The influence of extracellular and intracellular angiotensin II (Ang II) on the cell volume in the failing heart of cardiomyopathic hamsters (TO2) was further investigated as well as the influence of aldosterone and spironolactone on the Ang II action on cell volume. Measurements of cell width and area of quiescent ventricular cardiomyocytes were performed using a video camera and computer analysis and the relative cell volume was calculated. All measurements of cell volume were performed in the same cell before and after the administration of Ang II (10 − 8 M).

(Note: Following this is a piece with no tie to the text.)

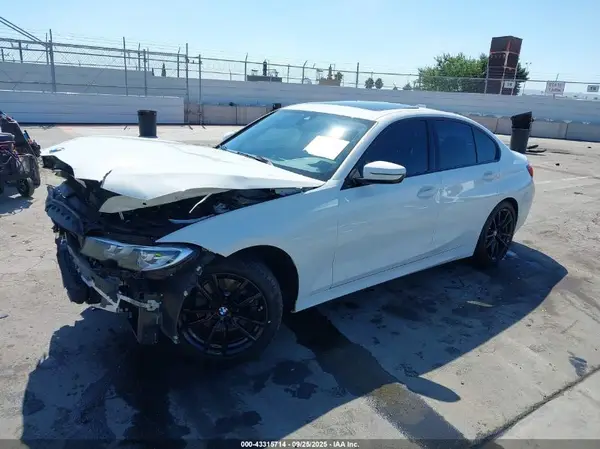 3MW5R1J00L8B18945 2020 BMW 3ER - Image 2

The results indicated that: a) the increase in cell volume caused by extracellular Ang II(10 − 8 M) was enhanced in cells incubated with aldosterone (100 nM) for 48 h; b) the effect of aldosterone was abolished by spironolactone (10 − 8 M); c) the decline in cell volume elicited by intracellular administration of Ang II (10 − 8 M) was increased by aldosterone and inhibited by spironolactone; d) the effects of aldosterone and spironolactone were related, in part, to a change in expression of AT1 receptors; and e) the intracellular administration of Ang II reduced the swelling-dependent chloride current (I Clswell). The implications of these findings to the failing heart and myocardial ischemia are discussed. ►Extracellular Angiotensin II causes cell swelling in failing heart. ►Intracellular Angiotensin II reduces the cell volume. ►Aldosterone increases the cell swelling induced by Angiotensin II. ►Spironolactone inhibits the effect of Angiotensin II on cell volume. ►AT1 receptors' expression is involved in the action of aldosterone and spironolactone.